The Western Allies beat the Soviets to the punch by invading first with the Royalists under Peter II returning as the official government. Post-war investigations are held without fear or favour to show that there's no favouritism. Whilst Tito and the communists would be somewhat popular in free and fair elections they wouldn't be able to achieve a majority so don't get to dominate things, after a few years their wartime popularity would start to fade and the Soviet Union and satellite states sitting nearby won't do them any favours either. The new government hammers out a new constitution that pushes a certain amount of autonomy down to the states whilst retaining the main powers over the military, foreign relations, major taxation etc.

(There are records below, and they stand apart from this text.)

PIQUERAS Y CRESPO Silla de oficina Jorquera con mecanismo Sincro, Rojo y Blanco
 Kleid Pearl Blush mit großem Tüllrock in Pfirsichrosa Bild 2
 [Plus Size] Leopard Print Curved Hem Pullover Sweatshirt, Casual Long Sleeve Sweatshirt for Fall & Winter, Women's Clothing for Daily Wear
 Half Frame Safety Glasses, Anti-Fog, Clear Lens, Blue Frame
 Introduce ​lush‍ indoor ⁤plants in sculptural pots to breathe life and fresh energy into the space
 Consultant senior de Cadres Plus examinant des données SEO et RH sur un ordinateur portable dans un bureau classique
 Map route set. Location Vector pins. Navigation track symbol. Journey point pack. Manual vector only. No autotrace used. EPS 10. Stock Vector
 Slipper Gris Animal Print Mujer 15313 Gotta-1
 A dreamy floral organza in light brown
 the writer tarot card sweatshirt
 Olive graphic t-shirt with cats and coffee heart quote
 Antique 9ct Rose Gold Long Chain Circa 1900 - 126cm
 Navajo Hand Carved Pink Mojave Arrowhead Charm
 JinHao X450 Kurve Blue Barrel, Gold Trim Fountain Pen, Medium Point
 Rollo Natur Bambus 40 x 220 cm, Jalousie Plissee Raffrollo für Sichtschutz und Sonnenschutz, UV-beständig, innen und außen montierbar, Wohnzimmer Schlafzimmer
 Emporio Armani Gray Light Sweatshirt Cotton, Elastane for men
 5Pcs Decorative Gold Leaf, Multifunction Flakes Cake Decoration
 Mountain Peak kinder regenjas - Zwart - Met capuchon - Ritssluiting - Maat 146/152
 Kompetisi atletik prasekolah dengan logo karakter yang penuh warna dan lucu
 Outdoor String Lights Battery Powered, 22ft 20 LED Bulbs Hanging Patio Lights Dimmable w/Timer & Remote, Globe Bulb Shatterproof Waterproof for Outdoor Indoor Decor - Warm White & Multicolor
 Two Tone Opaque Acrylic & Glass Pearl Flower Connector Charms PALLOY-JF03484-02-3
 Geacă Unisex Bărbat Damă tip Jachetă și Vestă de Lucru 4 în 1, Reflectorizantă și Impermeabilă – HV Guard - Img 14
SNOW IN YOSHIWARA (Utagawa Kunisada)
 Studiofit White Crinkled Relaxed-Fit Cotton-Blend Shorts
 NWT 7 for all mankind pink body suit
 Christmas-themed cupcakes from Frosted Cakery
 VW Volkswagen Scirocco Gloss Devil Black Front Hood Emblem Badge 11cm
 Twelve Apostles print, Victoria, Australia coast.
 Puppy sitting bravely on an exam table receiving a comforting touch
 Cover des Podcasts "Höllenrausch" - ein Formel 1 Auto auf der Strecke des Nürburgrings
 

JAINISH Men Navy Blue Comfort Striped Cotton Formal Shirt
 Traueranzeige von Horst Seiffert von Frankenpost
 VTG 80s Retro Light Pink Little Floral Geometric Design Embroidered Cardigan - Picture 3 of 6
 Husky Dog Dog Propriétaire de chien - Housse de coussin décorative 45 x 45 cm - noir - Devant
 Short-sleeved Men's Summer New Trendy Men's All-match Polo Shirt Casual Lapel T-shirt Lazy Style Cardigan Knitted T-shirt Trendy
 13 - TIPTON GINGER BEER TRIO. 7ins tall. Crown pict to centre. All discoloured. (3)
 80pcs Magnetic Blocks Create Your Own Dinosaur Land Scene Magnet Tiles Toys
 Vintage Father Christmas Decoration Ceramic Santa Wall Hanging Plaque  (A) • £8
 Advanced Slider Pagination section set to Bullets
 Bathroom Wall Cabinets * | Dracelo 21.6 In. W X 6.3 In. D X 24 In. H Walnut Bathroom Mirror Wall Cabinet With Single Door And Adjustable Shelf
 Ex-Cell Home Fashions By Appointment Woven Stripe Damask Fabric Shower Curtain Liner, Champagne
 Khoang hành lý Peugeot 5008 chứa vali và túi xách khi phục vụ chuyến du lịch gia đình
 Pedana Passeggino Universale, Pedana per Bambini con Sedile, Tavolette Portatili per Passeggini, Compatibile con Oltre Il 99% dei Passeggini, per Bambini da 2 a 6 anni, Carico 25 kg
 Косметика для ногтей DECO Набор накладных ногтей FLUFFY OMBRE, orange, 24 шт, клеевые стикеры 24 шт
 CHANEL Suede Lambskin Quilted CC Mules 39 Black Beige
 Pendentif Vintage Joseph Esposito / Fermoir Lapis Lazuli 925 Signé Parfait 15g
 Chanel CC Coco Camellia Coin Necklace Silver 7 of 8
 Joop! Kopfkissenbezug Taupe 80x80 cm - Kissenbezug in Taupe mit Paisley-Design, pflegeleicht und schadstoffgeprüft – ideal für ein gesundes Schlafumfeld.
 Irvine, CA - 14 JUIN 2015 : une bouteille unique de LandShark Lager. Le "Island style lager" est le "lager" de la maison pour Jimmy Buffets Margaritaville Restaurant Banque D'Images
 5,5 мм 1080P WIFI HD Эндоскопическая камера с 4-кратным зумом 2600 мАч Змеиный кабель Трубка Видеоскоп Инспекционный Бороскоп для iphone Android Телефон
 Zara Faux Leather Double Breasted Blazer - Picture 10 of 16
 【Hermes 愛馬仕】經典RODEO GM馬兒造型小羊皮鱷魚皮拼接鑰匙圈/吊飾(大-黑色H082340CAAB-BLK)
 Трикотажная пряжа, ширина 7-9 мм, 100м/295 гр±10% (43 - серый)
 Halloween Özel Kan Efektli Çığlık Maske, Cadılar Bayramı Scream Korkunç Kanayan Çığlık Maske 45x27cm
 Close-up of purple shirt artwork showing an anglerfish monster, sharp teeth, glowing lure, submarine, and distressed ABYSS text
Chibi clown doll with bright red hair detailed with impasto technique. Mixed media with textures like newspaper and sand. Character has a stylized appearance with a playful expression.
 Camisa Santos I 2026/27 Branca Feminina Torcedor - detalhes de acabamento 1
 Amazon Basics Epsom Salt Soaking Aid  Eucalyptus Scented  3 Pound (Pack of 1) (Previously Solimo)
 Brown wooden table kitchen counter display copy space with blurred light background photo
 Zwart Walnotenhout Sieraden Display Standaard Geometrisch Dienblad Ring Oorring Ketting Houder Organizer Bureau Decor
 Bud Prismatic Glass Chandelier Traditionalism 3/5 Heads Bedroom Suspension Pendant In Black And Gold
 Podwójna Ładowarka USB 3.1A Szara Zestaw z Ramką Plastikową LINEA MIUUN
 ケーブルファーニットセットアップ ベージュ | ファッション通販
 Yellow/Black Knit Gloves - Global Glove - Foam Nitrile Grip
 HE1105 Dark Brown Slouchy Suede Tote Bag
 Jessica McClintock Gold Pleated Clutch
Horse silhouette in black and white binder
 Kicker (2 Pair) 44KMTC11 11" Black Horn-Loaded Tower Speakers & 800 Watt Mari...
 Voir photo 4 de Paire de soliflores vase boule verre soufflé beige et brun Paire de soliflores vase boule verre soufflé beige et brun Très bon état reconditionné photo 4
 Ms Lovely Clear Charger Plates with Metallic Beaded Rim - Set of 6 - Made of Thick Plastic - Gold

I did have a Washington DC/Brasilia type idea of creating a new federal capital to try and make, and just as importantly show, the government less Serbia dominated.
 
What would that new capital be called?

Id imagine it would have different spellings/pronounciations for each of the constituant ethnicities (whos languages are all broadly similar) but I would imagine some translation of "City of the southern slavs" would be used. Yugoslavgrad?

Or, as the monarchy is still intact: Karadjordjevica?

Or if you go back further in time: Ilirskica. (the Illyrian movement was one of the first pan-South Slav movements in the 19th century)
 
Maybe if Tito died earlier, Yugoslavia could reform before the wave of nationalism hit. Let's say that Tito dies in 1967, the leadership of Yugoslavia decides to continue their close relationship with the West. They begins reforms and even enter EFTA. In the late 70ties, we see the first free elections and it join EEC in the 80ties. This keep the local to busy smiling to each other to keep receiving money from EEC/EU to have time to destroy the sweet influx of money by murdering each others.
 
Maybe if Tito died earlier, Yugoslavia could reform before the wave of nationalism hit. Let's say that Tito dies in 1967, the leadership of Yugoslavia decides to continue their close relationship with the West. They begins reforms and even enter EFTA. In the late 70ties, we see the first free elections and it join EEC in the 80ties. This keep the local to busy smiling to each other to keep receiving money from EEC/EU to have time to destroy the sweet influx of money by murdering each others.

I think that this would be necessary. If you could get Yugoslavia somehow on the path of reform, before so much power got devolved to the republics, much could be accomplished. Against this, there's the whole question of how you could get a Communist regime to reform successfully into a democratic system in the middle of the Cold War, even a neutralist one like Yugoslavia. What would the Soviet Union do?
 

CECBC

Banned
Have Tito become a health nut and live until 2016. Yugoslavia might be Europe's North Korea as he cracks down in the face of liberalism and nationalism.
 
Have Tito become a health nut and live until 2016. Yugoslavia might be Europe's North Korea as he cracks down in the face of liberalism and nationalism.

That would not be viable. Yugoslavia's economy depended critically on connections with the outside world, while the country was internally too diverse for that kind of totalitarianism to be workable.
 
What would that new capital be called?
No idea. The other option I considered was to claim an already existing city and expand upon it, Sarajevo would be interesting even if it would mean having to make Bosnia and Herzegovina relocate their capital.